To quantitatively evaluate cell apoptosis, mice were infected with viable E. coli and their pMΦs were analyzed after intracellular cleaved caspase-3 staining. Caspase-3 is a critical executive protease in apoptosis process [37]. As shown in Figure 8B and 8C, bacterial infection increased cleaved caspase-3 levels in macrophages, suggesting that apoptosis was initiated early (0.5 h post infection) after phagocytosis of bacteria. Piperine treatment reduced the cleaved caspase-3 levels in both CD11b+ and F4/80+ pMΦs, but this effect of piperine could be blocked by metformin treatment. Together, these results suggested that piperine treatment (thus enhancing the mTOR activity) protected resident pMΦs from bacterium-induced apoptotic cell death.

Discussion

Peritoneal bacterial infection or even bacterial sepsis, due to the penetration of intestinal bacteria, constitutes a great challenge in the treatment of bowel diseases. Here we reported that piperine enhanced the mTORC1 activity by recruiting amino acid transporter to the cell membrane and promoting amino acid metabolism (e.g., glutaminolysis). Such an activity of piperine was linked to its anti-bacterial action at least in resident pMΦs of mice. The prophylactic and therapeutic model study demonstrated that piperine were effective for preventing bacterial infection and even for sepsis. To our knowledge, we for the first time reported that a small molecule alkaloid has the capacity to enhance mTORC1 activity and thus fortifies the functions of resident pMΦs.

It has long been established that piperine increases bioavailability of clinical drugs [21, 22], accelerating uptake of amino acids (including Leu) and other nutrients by intestinal epithelial cells [20]. But the mechanism underlying this process is unclear. It was unlikely that Leu could pass through the cell membrane in a non-specific manner, since it is a large neutral (aliphatic) amino acid relying on distinct transporters for its uptake into cells. Our study provided evidence showing that piperine promoted amino acid metabolism by recruiting more SLC7A5/SLC3A2, the system L1 amino acid transporter for Leu and other large neutral ones, to the cell membrane, which in turn enhanced mTORC1 activation [18, 25]. Previous reports have indicated that mTOR is a central player in sensing nutrient sufficiency and regulating diverse metabolic processes [18]. Uptake of amino acids, such as Leu and Gln, leads to mTORC1 activation on the lysosomal surface, in a Rag small guanosine triphosphatases (GTPases)-dependent or independent manner [23, 38, 39]. Amino acid metabolism and mTORC1 activation may rely on the cell membrane abundance of the transporter, instead of its total cellular protein levels. Supporting this, although the total SLC7A5/SLC3A2 protein levels were greatly suppressed by SLC7A5 knockdown, the mTORC1 activity in SLC7A5-knocked down cells co-treated with piperine and Leu was still higher than that in control cells treated with Leu alone (Figure 2A and Figure 2B). The uptake of Leu by SLC7A5 has been reported to be required for the metabolic reprograming (mTOR activation) essential for T cell differentiation in response to antigens [40]. At certain circumstances, such as hepatitis B virus infection [41], T cells may upregulate SLC7A5 expression to meet the requirement for Leu and metabolic reprograming. Thus, likely acting through a similar mechanism, piperine pharmacologically potentiates mTORC1 activation by reprogramming amino acid metabolism.

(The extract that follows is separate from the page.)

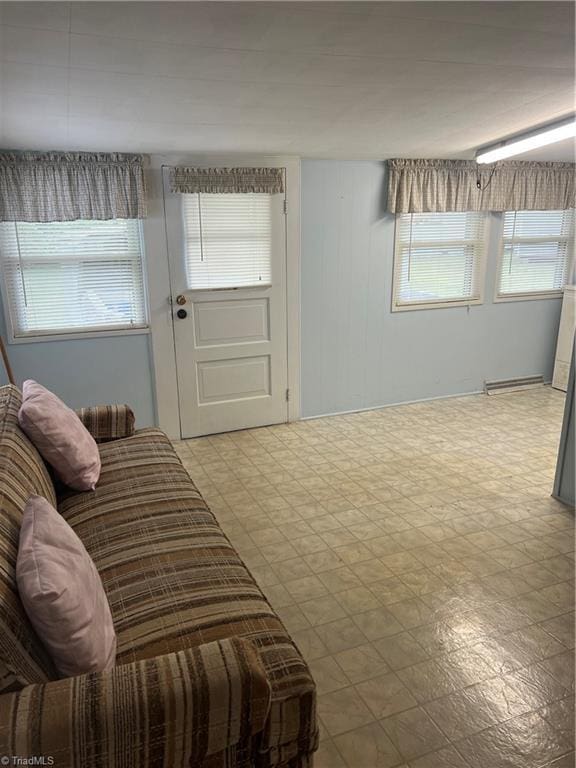 living area featuring light flooring and healthy amount of natural light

Our study demonstrated that increased mTORC1 activation by piperine enhanced the functions of resident pMΦs, including their bacterial phagocytic ability and LPS-induced cytokine-producing capacity. Consistent with the role of mTOR signaling in cell survival [36], our results also demonstrated that piperine administration prevented F4/80hi resident pMΦs from apoptosis. Due to such functional enhancements of resident pMΦs, piperine enhanced bacterial clearance and protected mice against bacterial infection in the peritoneal cavity. Therefore, the mTORC1-upregulatory capacity of piperine is of clinical significance: it may provide protection against infection for humans in a state of sub-malnutrition (in which the mTORC1 activity is below normal levels), such as in the case of inflammatory bowel disease (IBD) [13, 42]. In support of this hypothesis, uptake of amino acids and hence activation of mTOR are required for the maintenance of intestinal homeostasis [13], whereas malnutrition or suppression of mTOR activity induces colitis due to dysregulated innate immune functions of the intestine [43].

In recent years, many studies focused on the immunoregulatory action of mTOR signaling in macrophages [44, 45]. It has been reported that the fungal cell wall component β-glucan can prime monocytes/macrophages to mount an enhanced innate response against fungal infection by activating the mTOR pathway. One characteristic of β-glucan-primed monocytes is their enhanced ability to secrete IL-6 and TNF-α upon pathogen stimulation [28]; the authors named such immunological memory traits of innate immune cells as “trained immunity”. Consistent with this finding, our data demonstrated that enhanced mTORC1 activity in piperine-pretreated cells was linked to increased IL-6 and TNF-α expression and enhanced phagocytic capacity of resident pMΦs, as blocking the mTOR pathway by specific inhibitors attenuated all these effects of piperine. These results suggest that piperine and β-glucan may act through certain common mechanisms for enhancing the innate functions of monocytes/macrophages to prevent pathogen infection, but further investigation is required to clarify this issue.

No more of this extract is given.